**WHAT IS NEEDED:** A faithful, complete transcript of the entries below, without pictures, should be returned.

(Records drawn from a dataset)
-------------------------

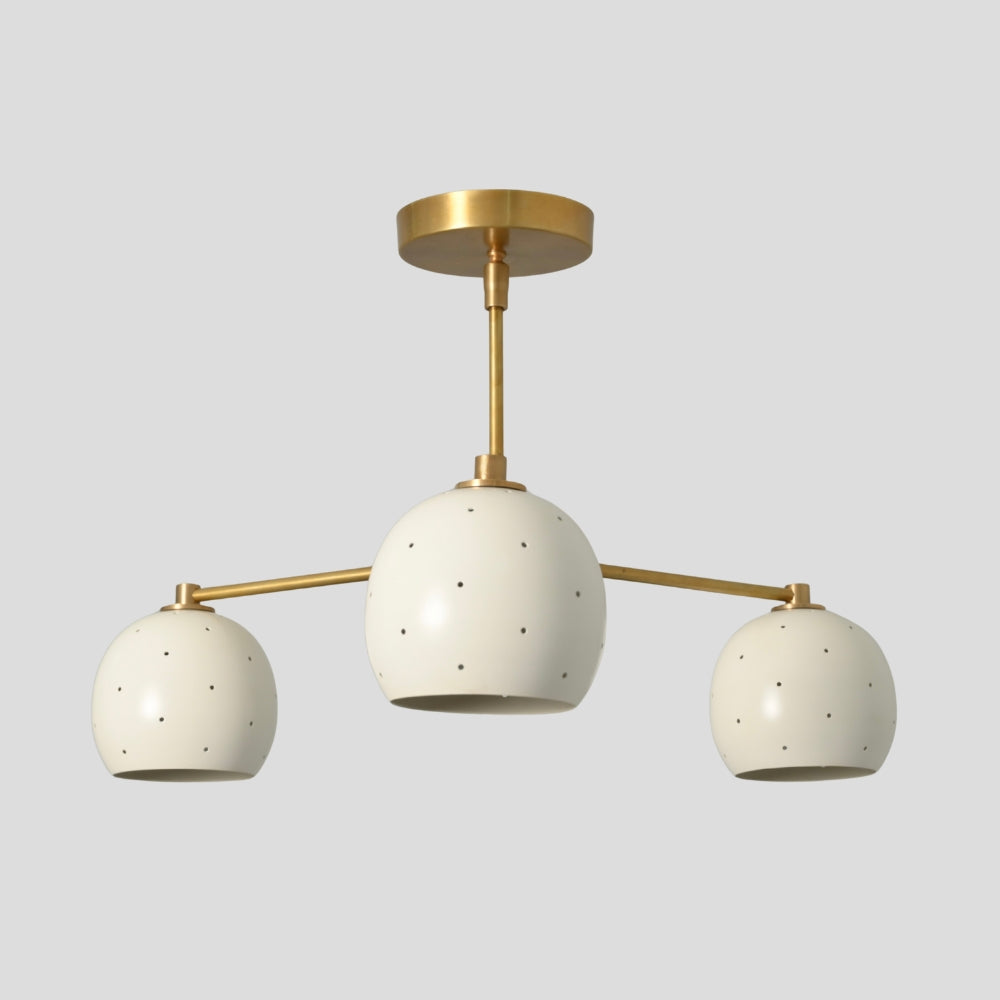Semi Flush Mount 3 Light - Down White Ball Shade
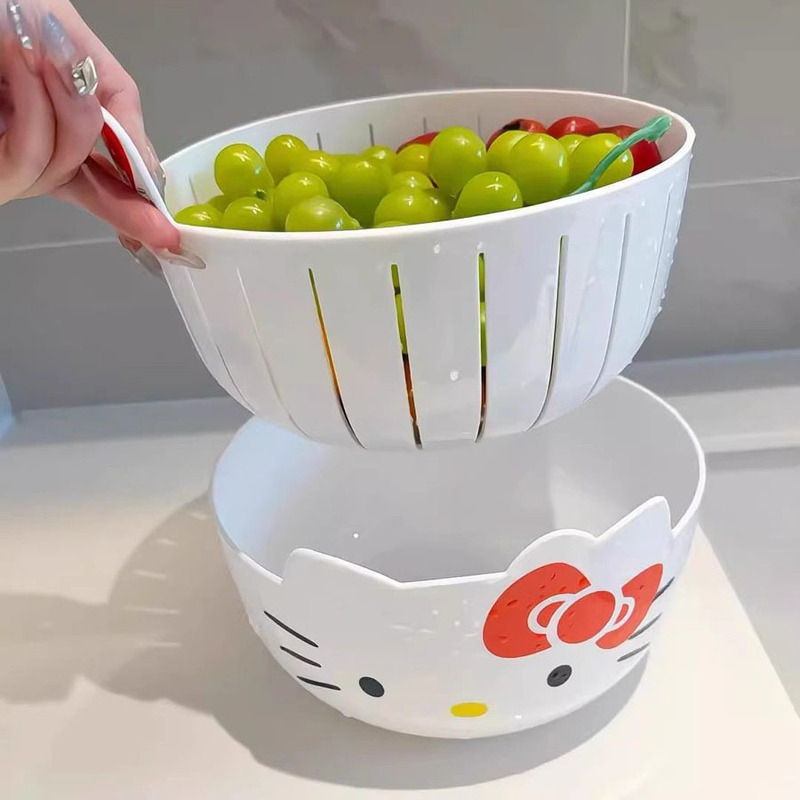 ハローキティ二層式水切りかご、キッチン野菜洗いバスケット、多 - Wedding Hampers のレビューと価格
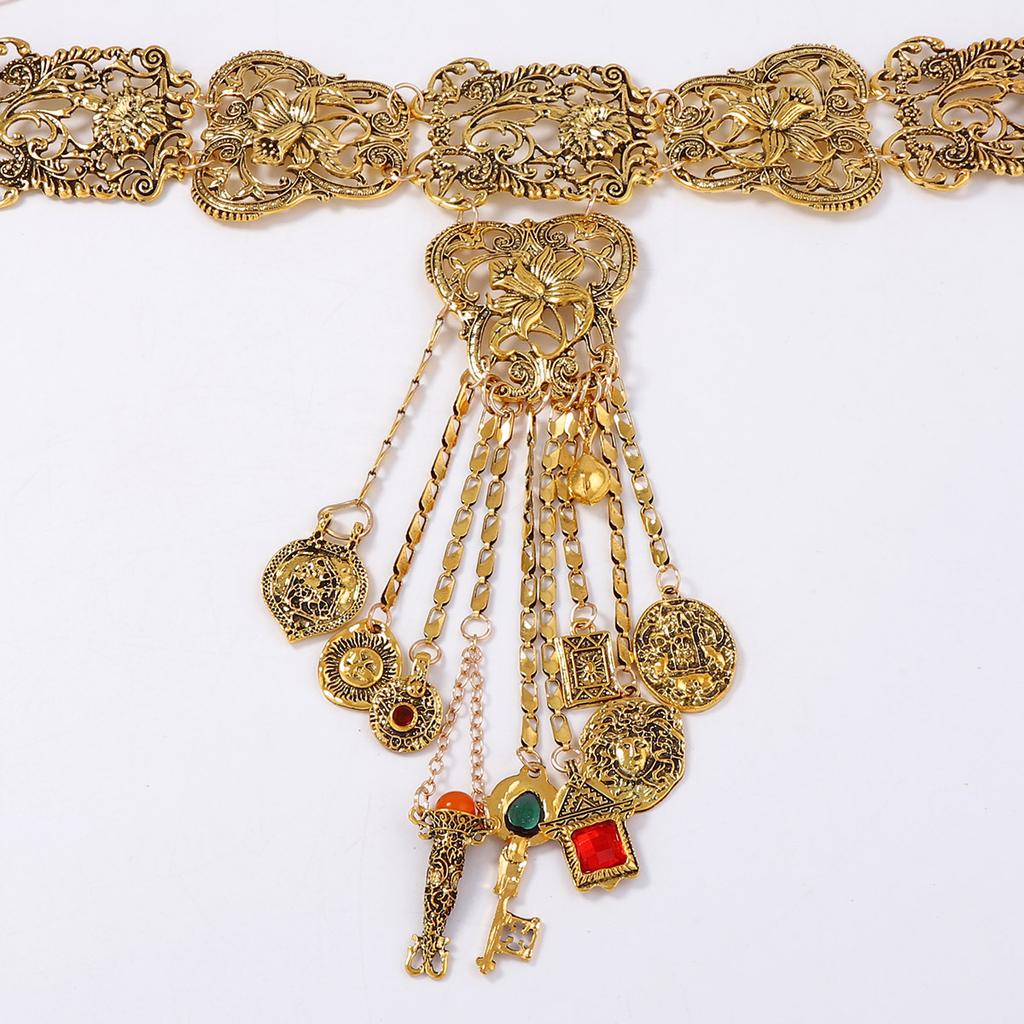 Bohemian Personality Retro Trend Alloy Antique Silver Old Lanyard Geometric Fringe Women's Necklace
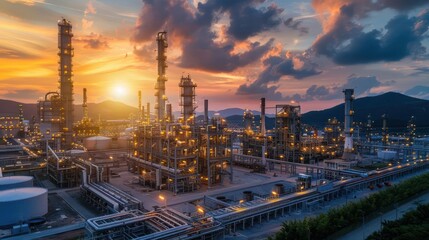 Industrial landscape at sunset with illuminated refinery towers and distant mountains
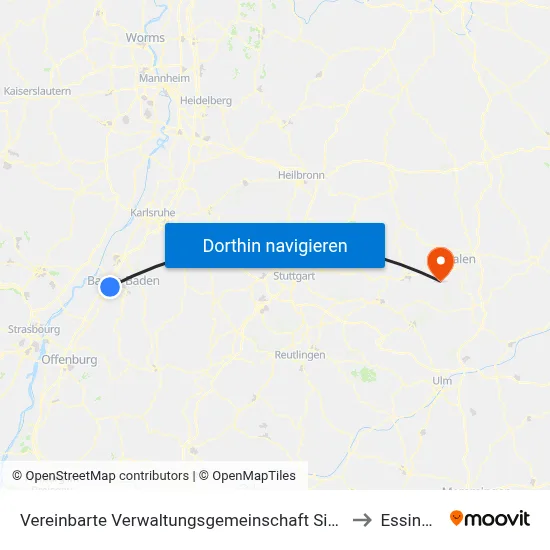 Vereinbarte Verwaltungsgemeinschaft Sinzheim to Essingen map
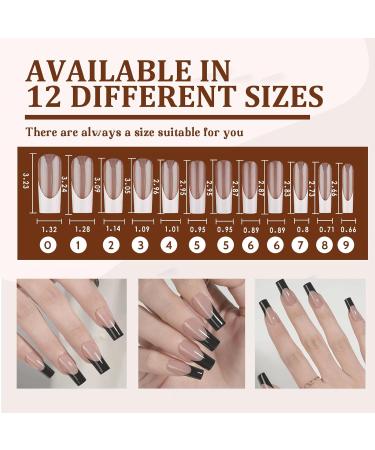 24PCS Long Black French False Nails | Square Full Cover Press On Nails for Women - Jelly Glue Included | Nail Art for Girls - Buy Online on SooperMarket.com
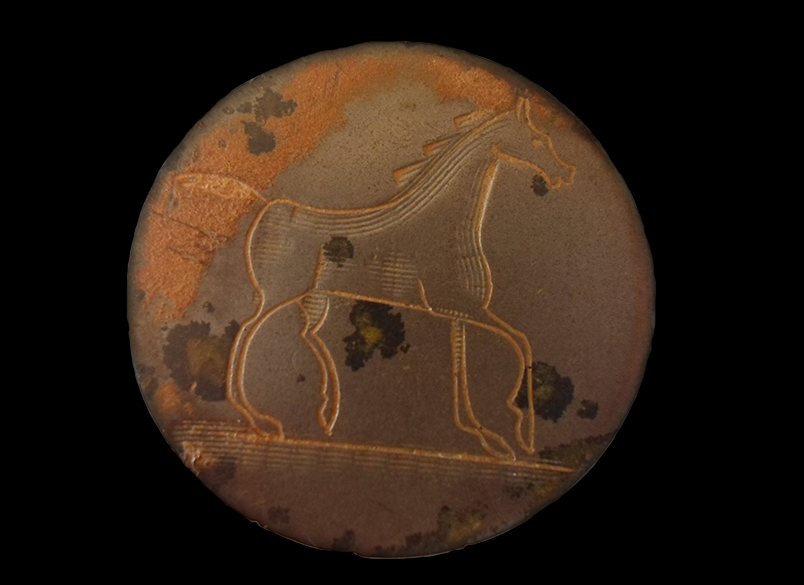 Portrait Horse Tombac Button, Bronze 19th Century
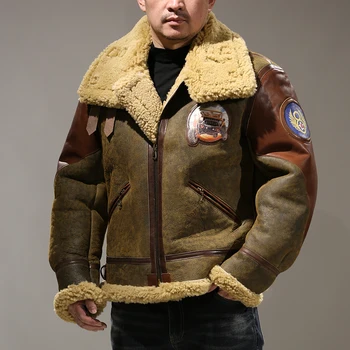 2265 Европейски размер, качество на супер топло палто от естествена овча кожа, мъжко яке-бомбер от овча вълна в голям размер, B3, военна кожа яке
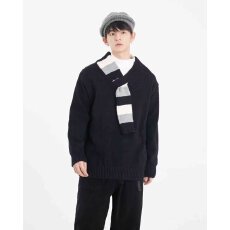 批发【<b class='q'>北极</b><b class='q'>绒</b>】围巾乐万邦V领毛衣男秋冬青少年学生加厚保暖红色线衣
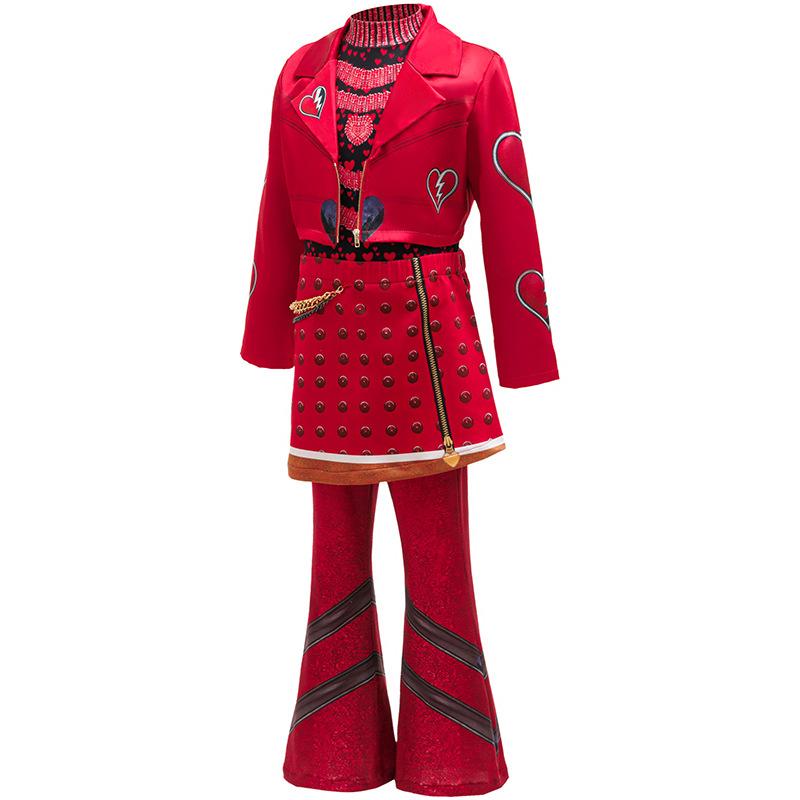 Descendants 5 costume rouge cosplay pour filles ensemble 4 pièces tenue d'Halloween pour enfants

-------------------------

**RESULT OF THIS TASK:**
Semi Flush Mount 3 Light - Down White Ball Shade
 ハローキティ二層式水切りかご、キッチン野菜洗いバスケット、多 - Wedding Hampers のレビューと価格
 Bohemian Personality Retro Trend Alloy Antique Silver Old Lanyard Geometric Fringe Women's Necklace
 Industrial landscape at sunset with illuminated refinery towers and distant mountains
 Vereinbarte Verwaltungsgemeinschaft Sinzheim to Essingen map
 24PCS Long Black French False Nails | Square Full Cover Press On Nails for Women - Jelly Glue Included | Nail Art for Girls - Buy Online on SooperMarket.com
 Portrait Horse Tombac Button, Bronze 19th Century
 2265 Европейски размер, качество на супер топло палто от естествена овча кожа, мъжко яке-бомбер от овча вълна в голям размер, B3, военна кожа яке
 批发【<b class='q'>北极</b><b class='q'>绒</b>】围巾乐万邦V领毛衣男秋冬青少年学生加厚保暖红色线衣
 Descendants 5 costume rouge cosplay pour filles ensemble 4 pièces tenue d'Halloween pour enfants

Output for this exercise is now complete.